Data records:

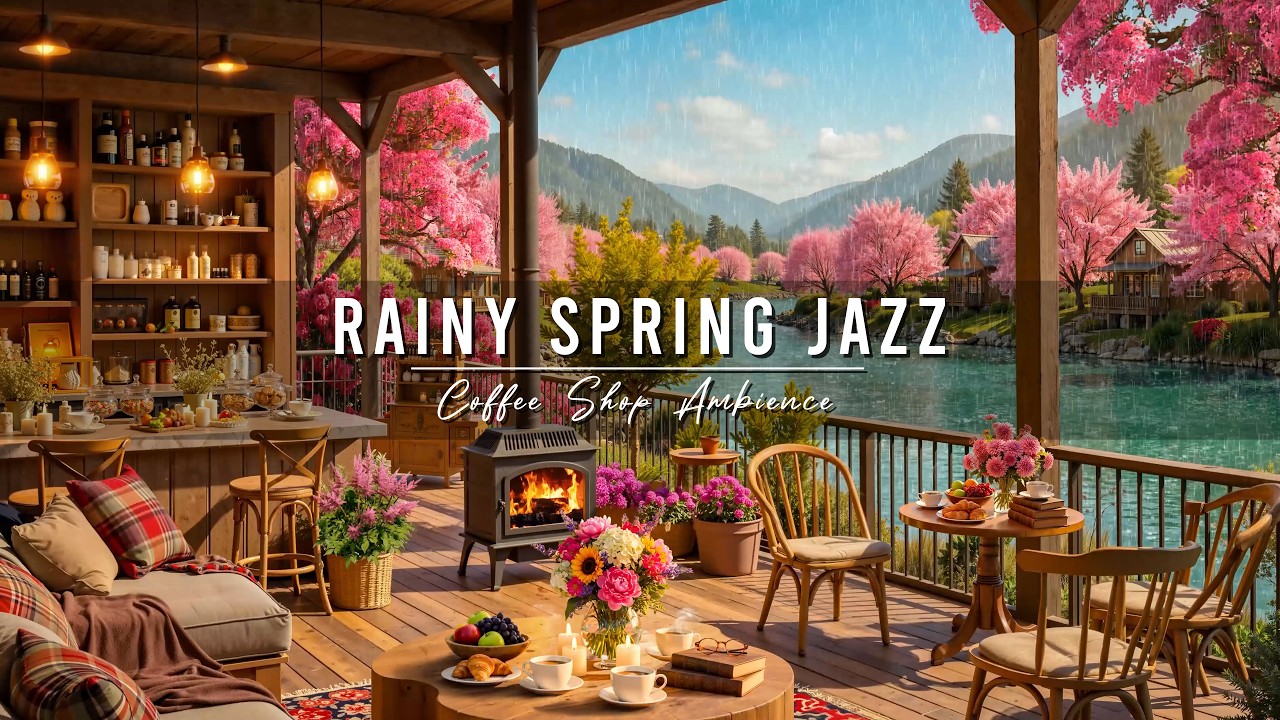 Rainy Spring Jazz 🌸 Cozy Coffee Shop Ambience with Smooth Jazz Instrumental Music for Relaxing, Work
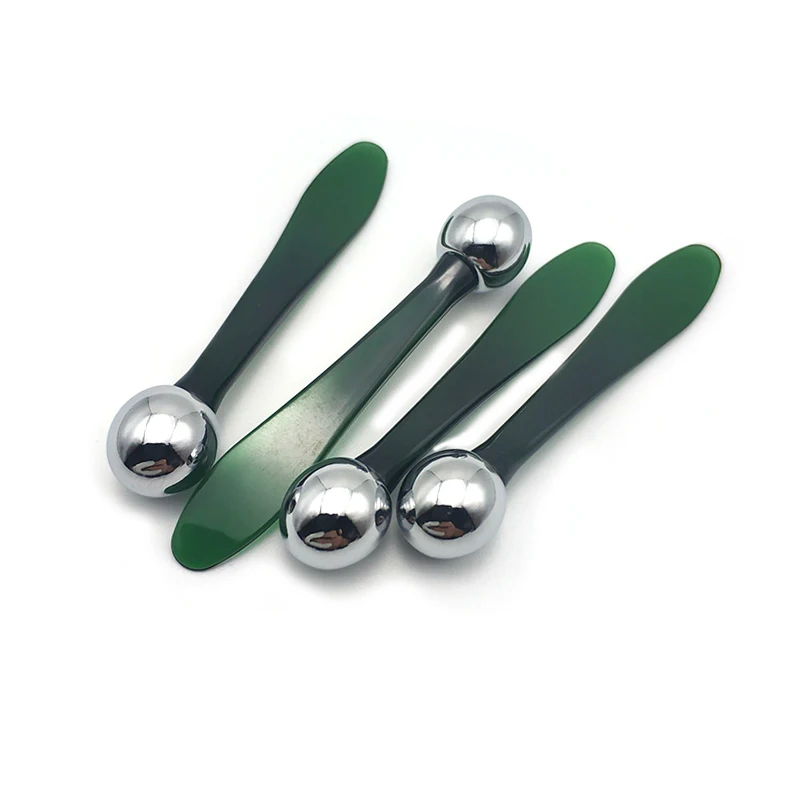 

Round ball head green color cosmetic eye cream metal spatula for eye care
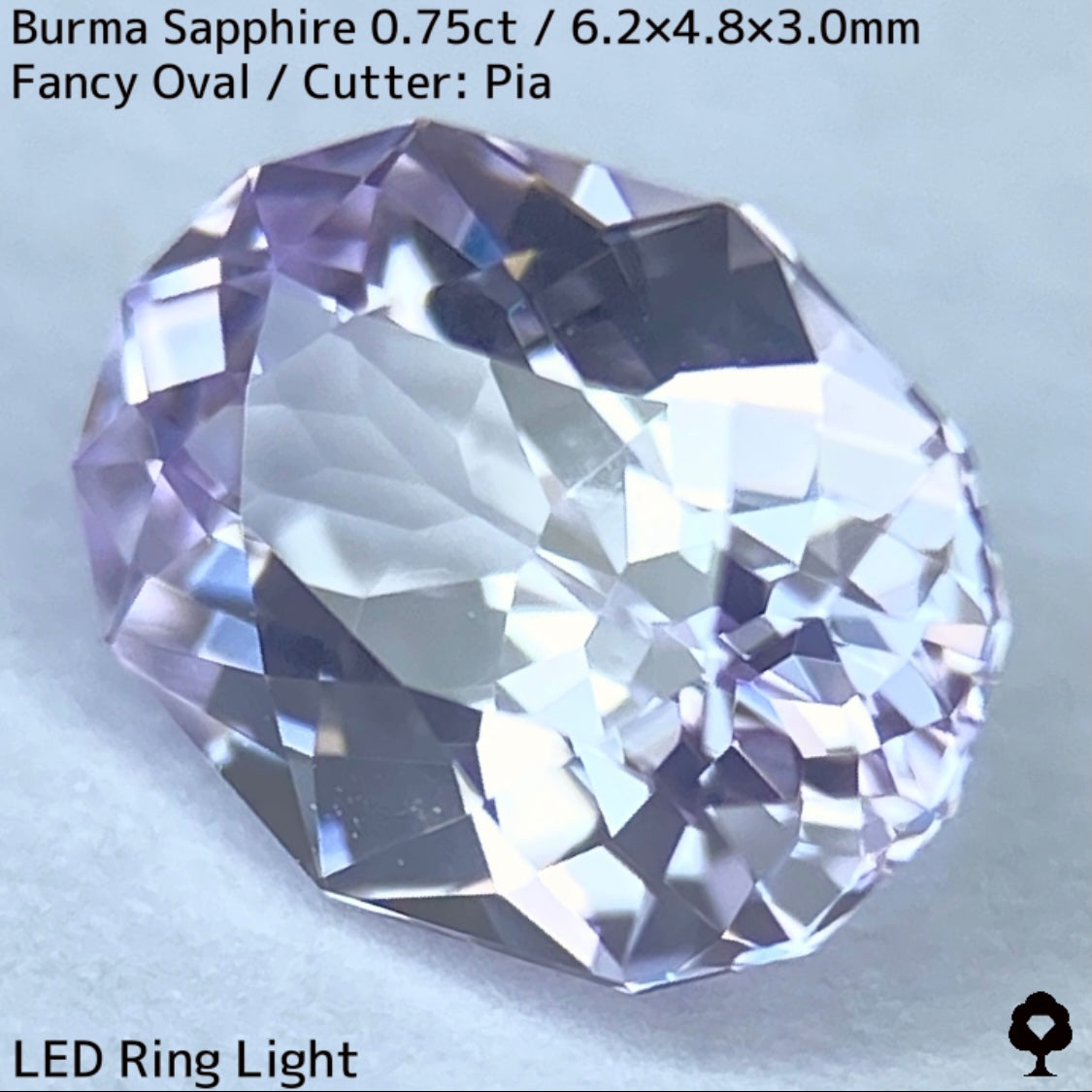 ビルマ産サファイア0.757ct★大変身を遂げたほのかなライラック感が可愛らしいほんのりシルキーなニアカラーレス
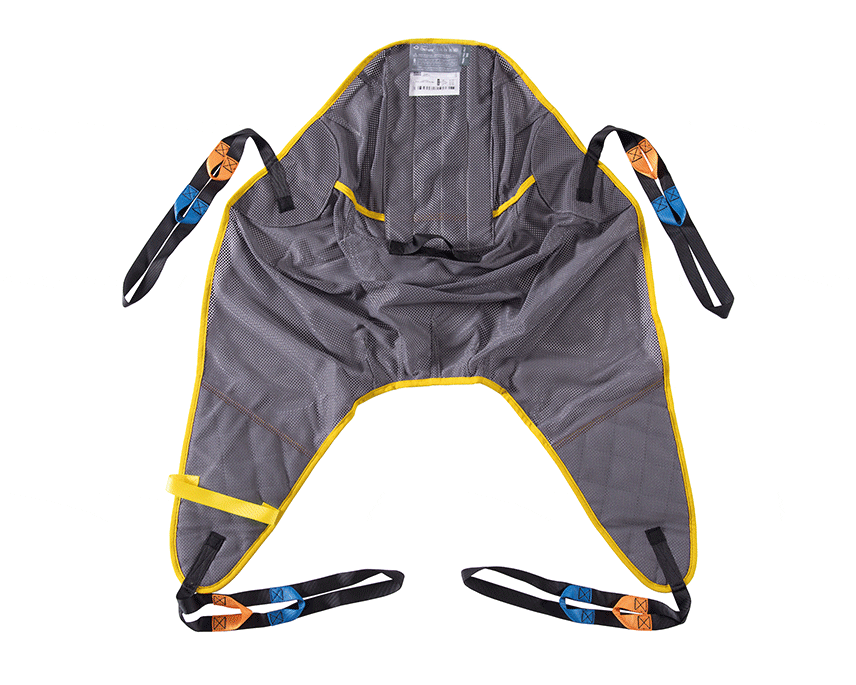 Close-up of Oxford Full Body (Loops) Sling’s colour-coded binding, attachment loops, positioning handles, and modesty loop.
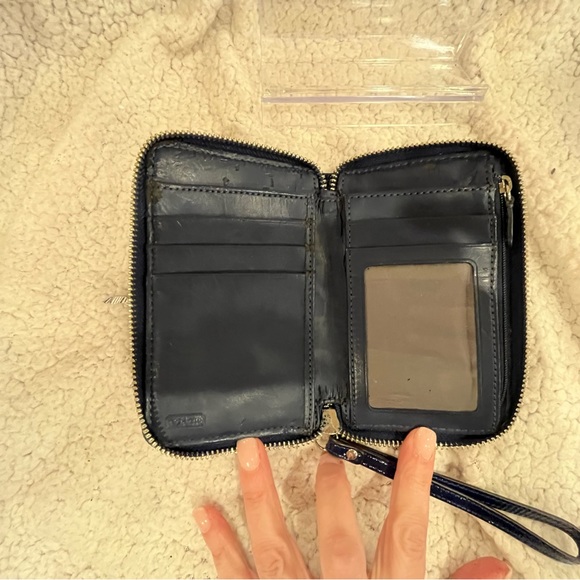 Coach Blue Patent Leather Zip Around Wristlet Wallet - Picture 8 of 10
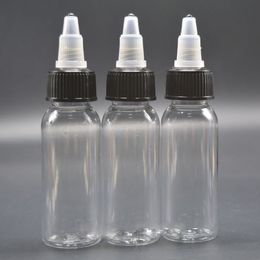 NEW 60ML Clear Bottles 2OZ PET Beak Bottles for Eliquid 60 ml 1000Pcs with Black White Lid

What is required:
An acceptable answer consists of the lines above from the one holding "Coach Blue Patent" to the end of the data, repeated exactly and containing no pictures.

Your solution:
 Coach Blue Patent Leather Zip Around Wristlet Wallet - Picture 8 of 10
 NEW 60ML Clear Bottles 2OZ PET Beak Bottles for Eliquid 60 ml 1000Pcs with Black White Lid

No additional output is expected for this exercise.